At Indianapolis zoo’s new center, you can try to outwit an orangutan

Azy interacts with a young visitor. He is a 250-pound, 36-year-old orangutan and the dominant male in the group of eight orangutans in the Simon Skjodt International Orangutan Center at the Indianapolis Zoo, opening on Saturday.
(Craig Banister/Indianapolis Zoo)

Think you’re smarter than an orangutan? You can find out by matching wits with our closest primate relative at a center opening Saturday at the Indianapolis Zoo.

Guests can use several interactive kiosks at the Tim M. Solso Learning Studio to collaborate on tasks with orangutans, which recognize abstract symbols and Arabic numerals, said Rob Shumaker, the zoo’s vice president of conservation and life sciences. “Everything is structured around learning, memory or problem solving,” he said.

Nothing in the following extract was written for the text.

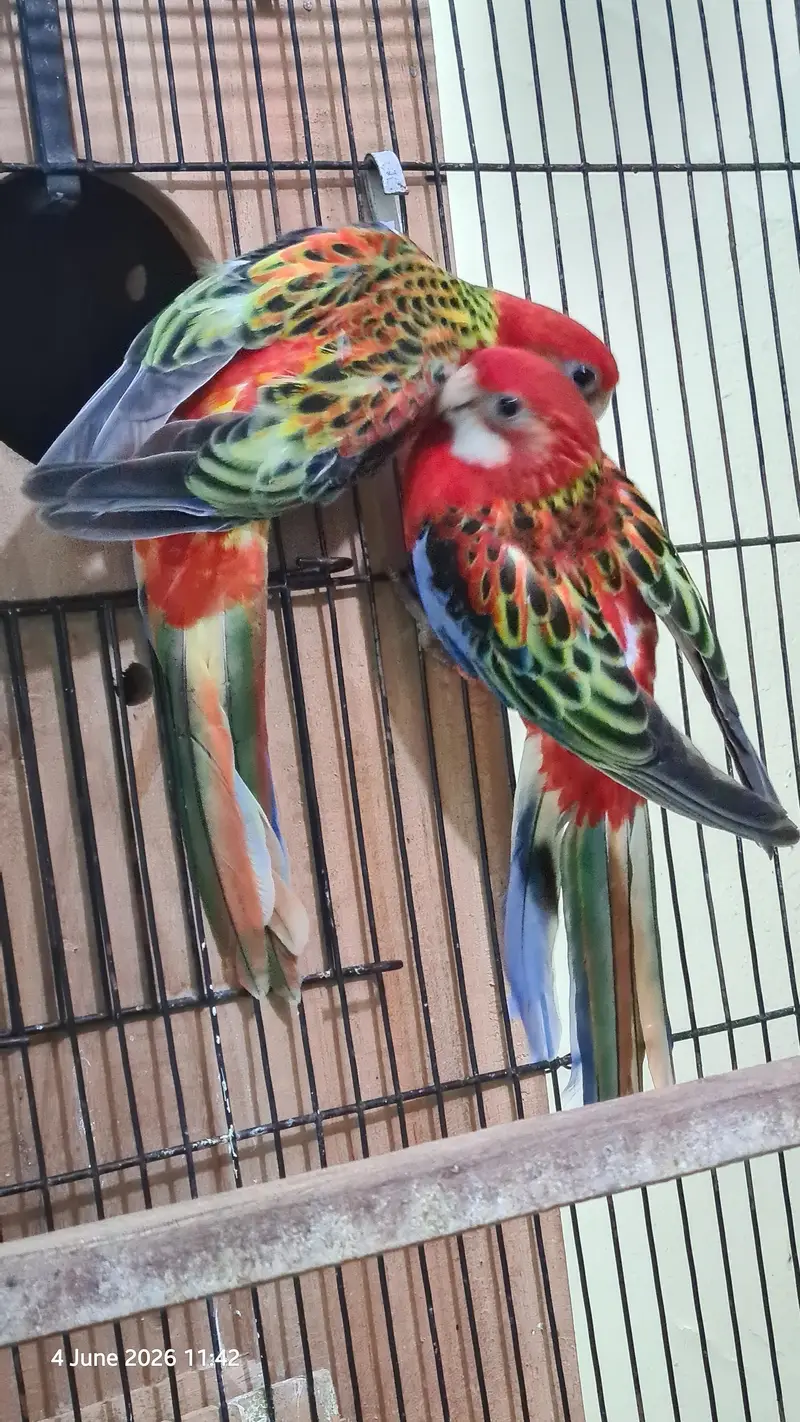 Red Rosella split rubino males with DNA — photo 5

Although it may seem as though the primates are using a touch screen, they’re actually pressing the enclosure’s glass to trigger infrared lights that signal their answers.

The studio is part of a $26-million, 4-acre Simon Skjodt International Orangutan Center opening Saturday. It was created to meet the intellectual, social and physical needs of orangutans, whose name in Malay means “people of the forest.”


Orangutans are one of the world’s most endangered species because of habitat loss and a slow reproductive cycle, Shumaker said. “Babies stay with their moms for up to a decade, so the interval between births can be 7 to 9 years,” he said.

Visitors can visit to find their orangutan match. Shumaker and I both matched Lucy, a 30-year-old, 117-pound orangutan that lost about 100 pounds by improving her diet and exercising more.

The Orangutan Center is included with zoo admission, which changes daily to prevent crowding. Weekdays average $13.50-$17.95, and weekends range from $20-$27.